Lyesse Laloui, professor at EPF Lausanne and director of the Soil Mechanics Laboratory is awarded the prestigious Proof of Concept Grant (PoC) by the European Research Council (ERC). The grant adds up to the breakthrough developments achieved within the first 18 months of his previous advanced ERC-funded BIOGEOS project which is developing novel bio-cementation technologies for civil, geotechnical and geo-environmental works. The ERC PoC grant further validates the technology-transfer vision of the BIOGEOS project and accelerates its aim to develop complete and industry-ready solutions to serve infrastructure, economic and societal needs.

ERC Proof of Concept (PoC) Grants provide lump-sum funding to academics who have demonstrated breakthrough advances towards exploring the societal and economic potential of their discoveries. By providing additional resources, the grants consolidate the achievements of ERC-Advanced grants, funded under the EU’s research and innovation programme, Horizon 2020.

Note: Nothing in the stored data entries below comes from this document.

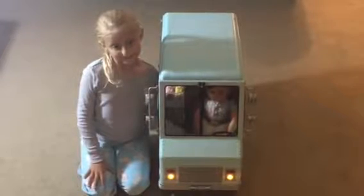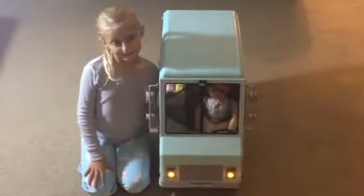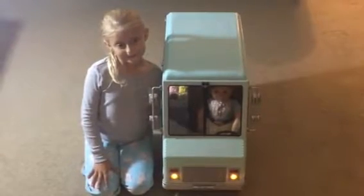It has lights that turn on, windshield wipers that work, and it even plays three different tunes.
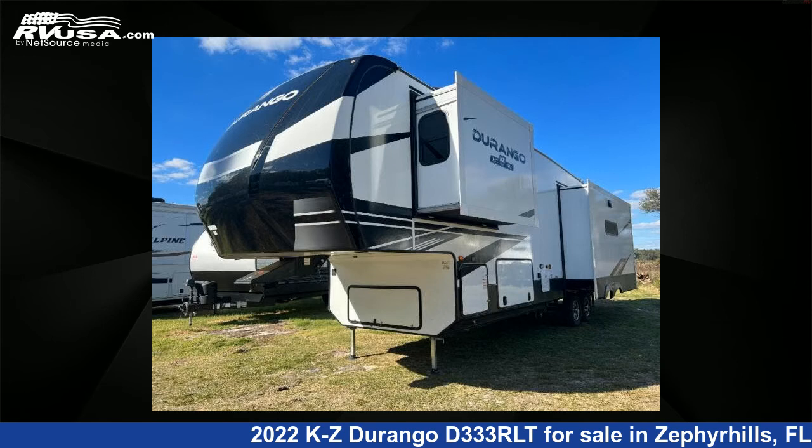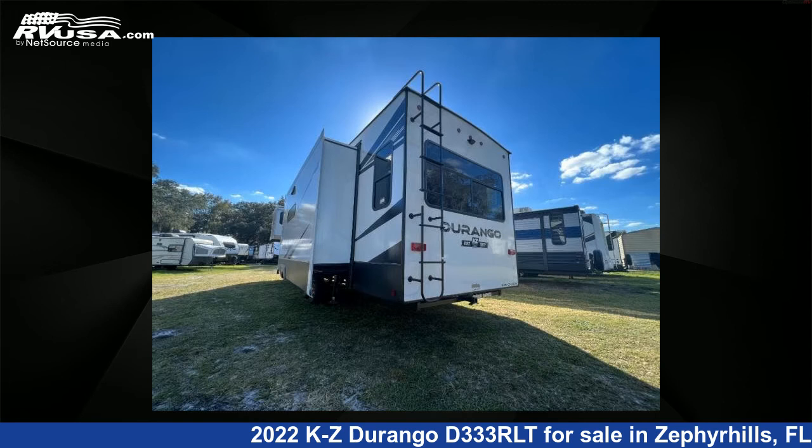This new KZ features three slide-outs, sleeps four, and has 76 gallons fresh water capacity.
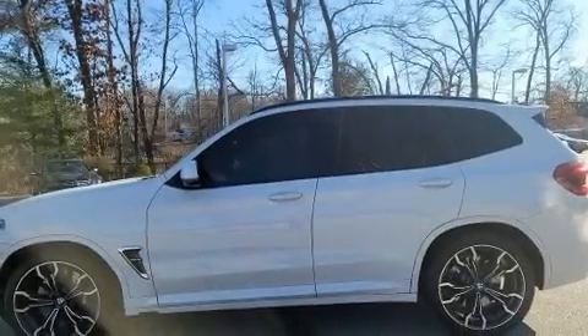With just over 15,000 miles on the odometer, this is an excellent vehicle at an affordable price.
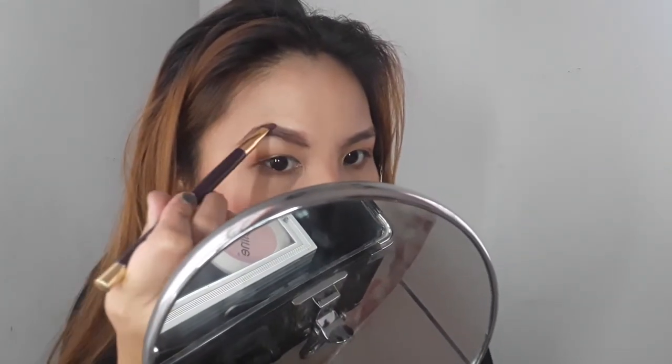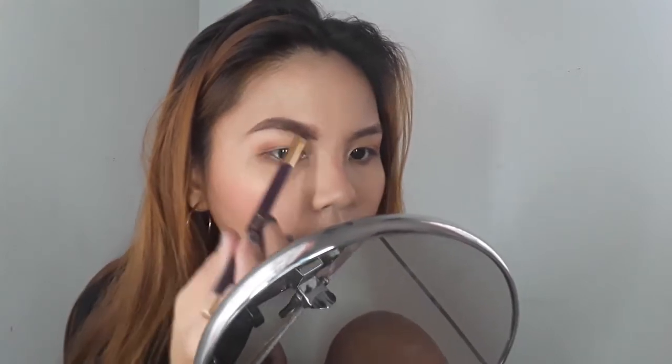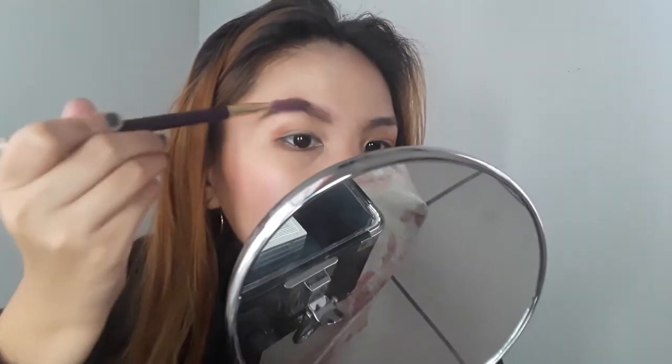You see that? I think this eyebrow pencil has a waxy touch to it. And guys, it blends so well — whatever you outlined, even if the sharpening isn't super precise, it still looks amazing after blending. You can see how great it looks!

CEBREWA builds up on the achieved breakthroughs of BIOGEOS

CEBREWA (Construction & Environmental Biocementation in REal World Applications) tackles the emerging ground stabilisation problems which are becoming increasingly pressing in construction and environmental engineering. Ground stabilization mitigates stability risks associated with geohazards, such as earthquakes, soil erosion, and landslides. Such problems are expected to be further intensified by extreme weather and aging infrastructure. Traditionally, ground stabilization is applied to roads, railroads, airfields, embankments, reservoirs, bank protection, canals, dams, and coastal engineering. Rapid urbanization, particularly in developing regions, is fueling the ground stabilization market growth. This is primarily due to: (i) the scarcity of suitable land for development and (ii) the need to extend existing infrastructure (typically by building more floors, and therefore increasing the loads sustained by foundations) to support increasing populations in urban zones. The market of ground stabilization has not been disrupted for decades, with current solutions complex and expensive, mainly due to the heavy equipment required for their application, and often hazardous to the environment, as they rely on the extensive use of industrial fluids or microplastics. The latter is especially prevalent in polyurethane-based solutions, which are currently used as expansive polymer foams in foundation repair works. Another problematic aspect of existing solutions is related to the level of energy required on-site to generate the high pressures required to inject the above stabilizing agents into the ground. Further, from an environmental perspective, existing fly ash-, lime-, and cement-based solutions generate pH-levels above 12. Such conditions are above the typical values of soil pH, and they cause irreversible damage to the groundwater and subsurface ecosystem. Therefore, a market gap exists, and CEBREWA aims to fill it with the innovative ground bio-stabilization solutions based on innovative carbonate biomineralization which is developed and patented during BIOGEOS.